* [Dataset records]

Start of Block

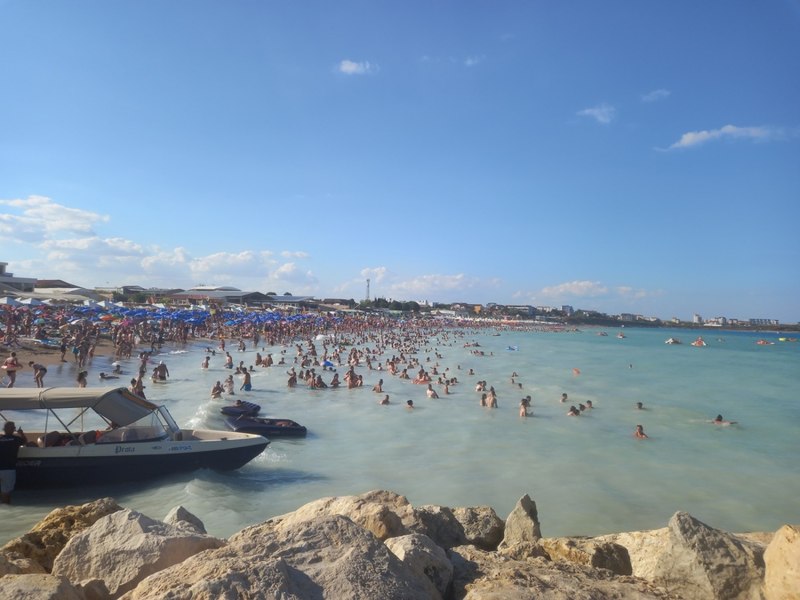 Explozie la digul de la Forum din Costinești. ISU Constanța: „Este posibil să fie o mină marină“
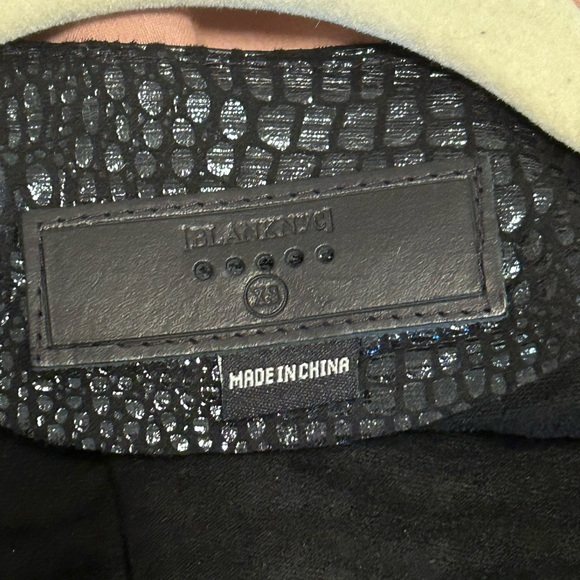 BlankNYC Black Reptile Embossed Drape Jacket; size XS - Picture 4 of 9
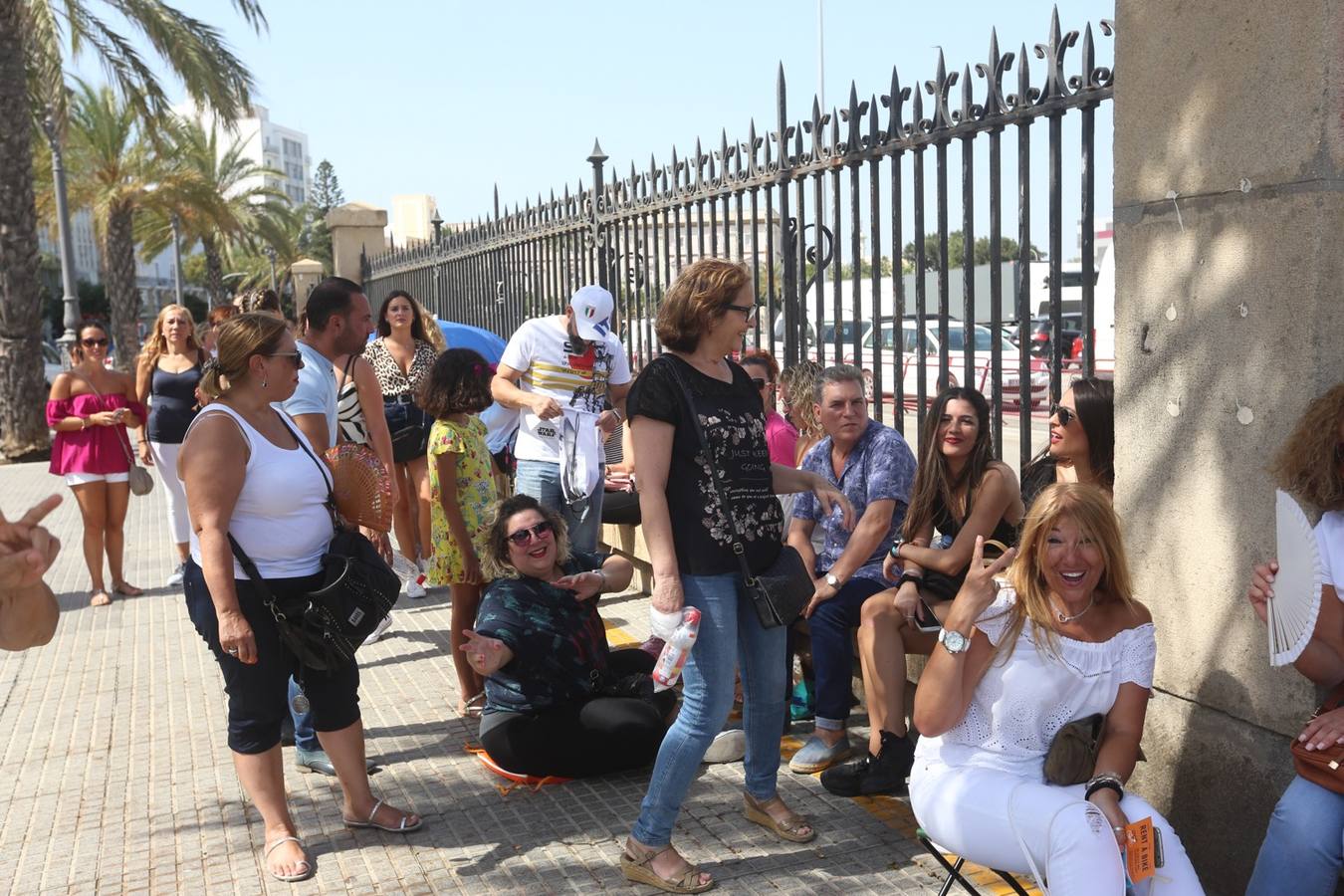 FOTOS: El muelle, un hervidero a la espera del concierto de Ricky Martin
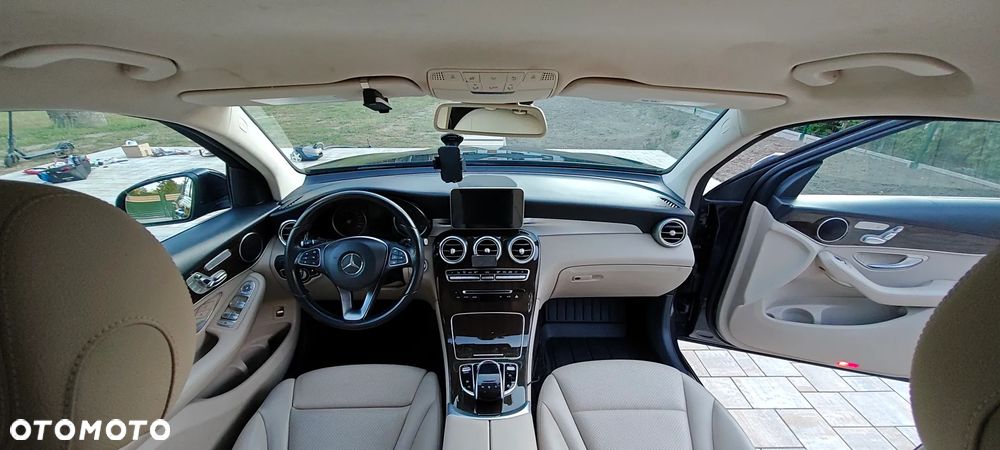 Mercedes-Benz GLC - 21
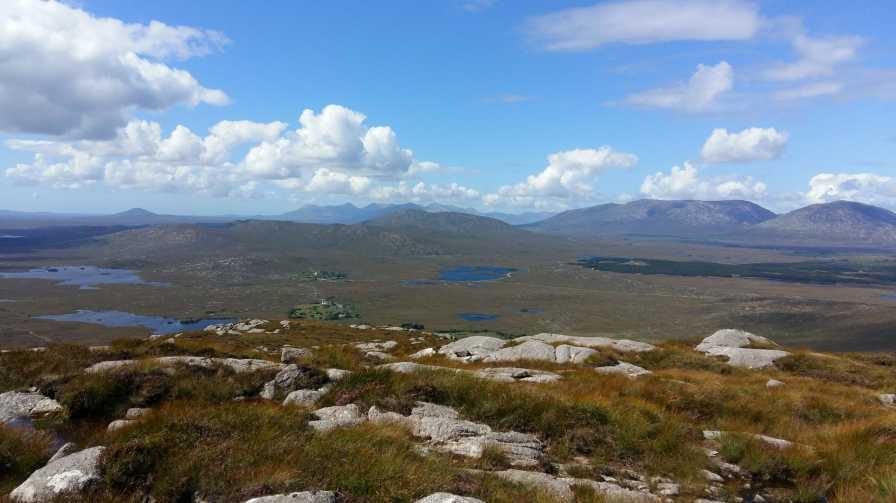 MountainViews.ie Picture about mountain Knocknasilloge (<i>Cnoc na Saileog</i>) in area South Connemara, Ireland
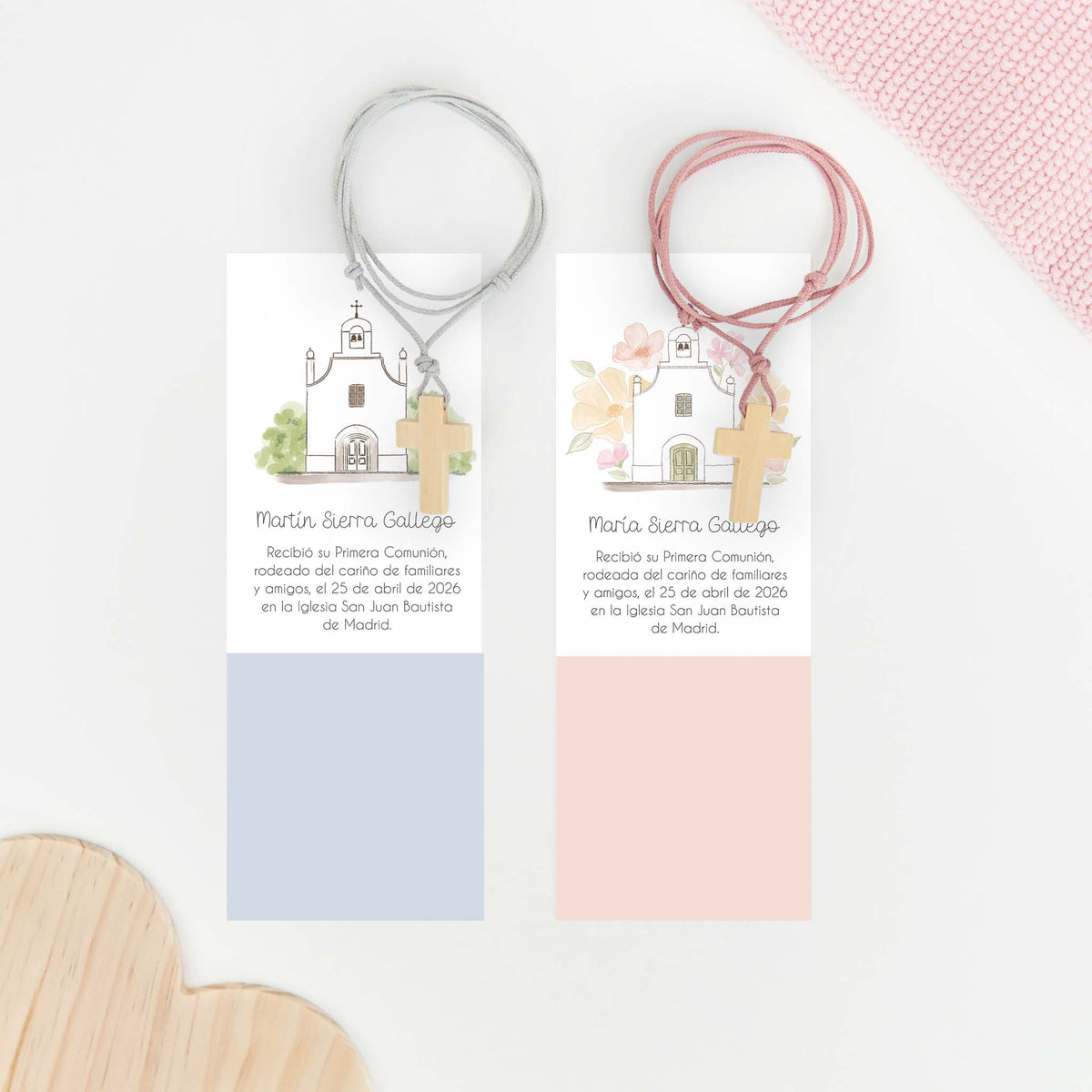 Colgante cruz de madera para comunión con marcapáginas de la colección iglesia. 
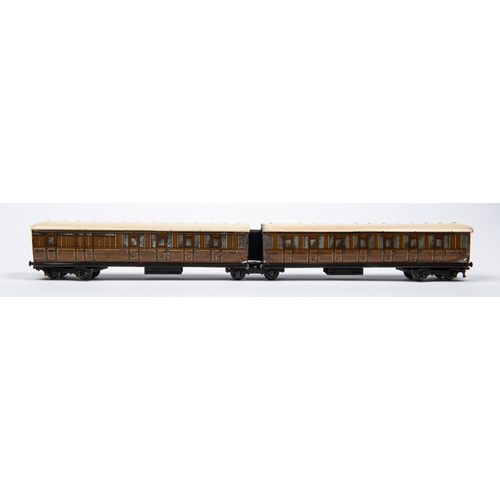 112 - A Hornby Dublo LNER teak Articulated Coach (D252). Full Third, 45401 and Brake Third 45402. In a goo... 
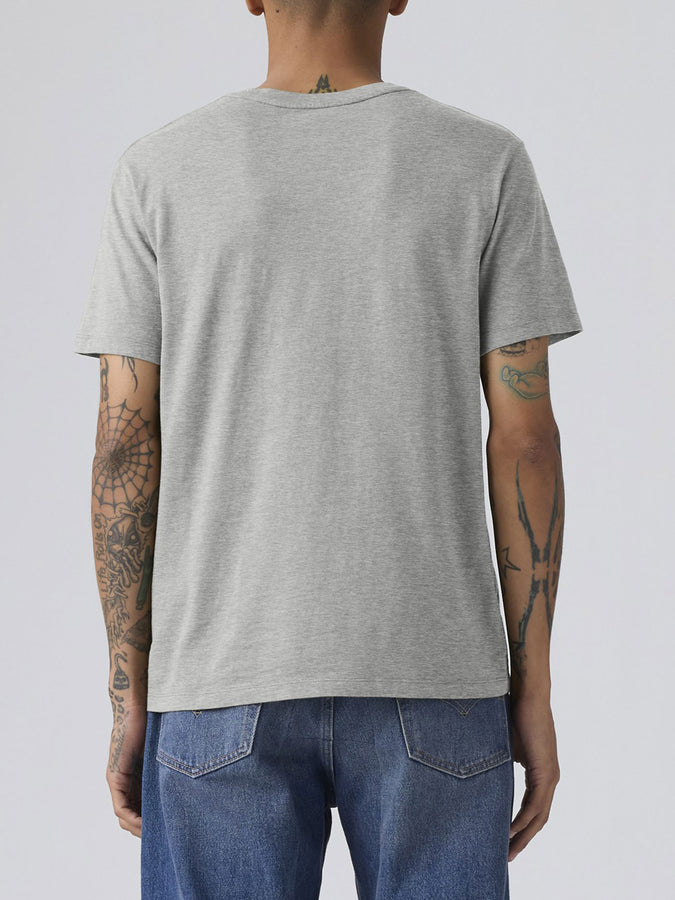 Levis Classic Pocket Mid Tone Grey Heather T-Shirt | MID TONE GREY HEATHER (0171)
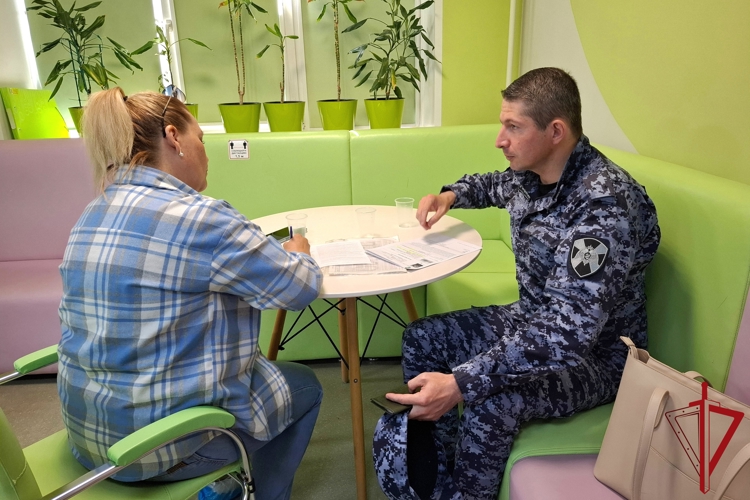 В преддверии Всемирного дня донора петербургские росгвардейцы сдали кровь для пациентов городских больниц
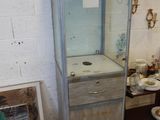 une armoire haute équipée d'un lavabo dans une pièce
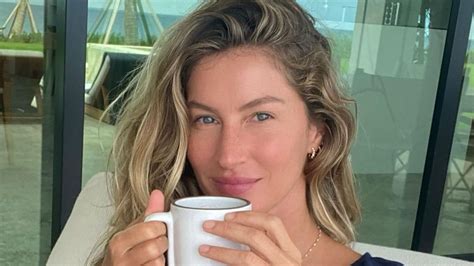 Gisele B Ndchen Mostrou Barriga De Gr Vida Em Passeio Na Praia O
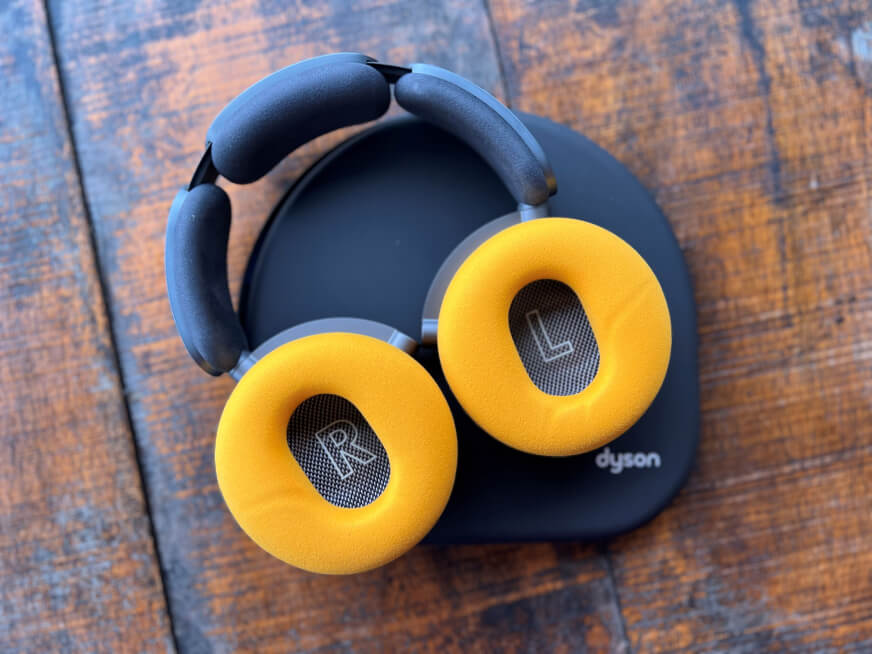 Dyson OnTrac Kopfhörer liegen auf dem Tisch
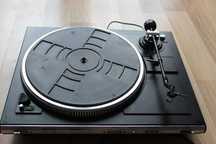 Gramofon Garrard  Quartz DDQ 650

End of Block

* [Activity] Your response should consist solely of the lines from the line with "В преддверии Всемирного" through the last line of the entries above, printed exactly and without pictures.

* [Answer to this problem]
 В преддверии Всемирного дня донора петербургские росгвардейцы сдали кровь для пациентов городских больниц
 une armoire haute équipée d'un lavabo dans une pièce
 Gisele B Ndchen Mostrou Barriga De Gr Vida Em Passeio Na Praia O
 Dyson OnTrac Kopfhörer liegen auf dem Tisch
 Gramofon Garrard  Quartz DDQ 650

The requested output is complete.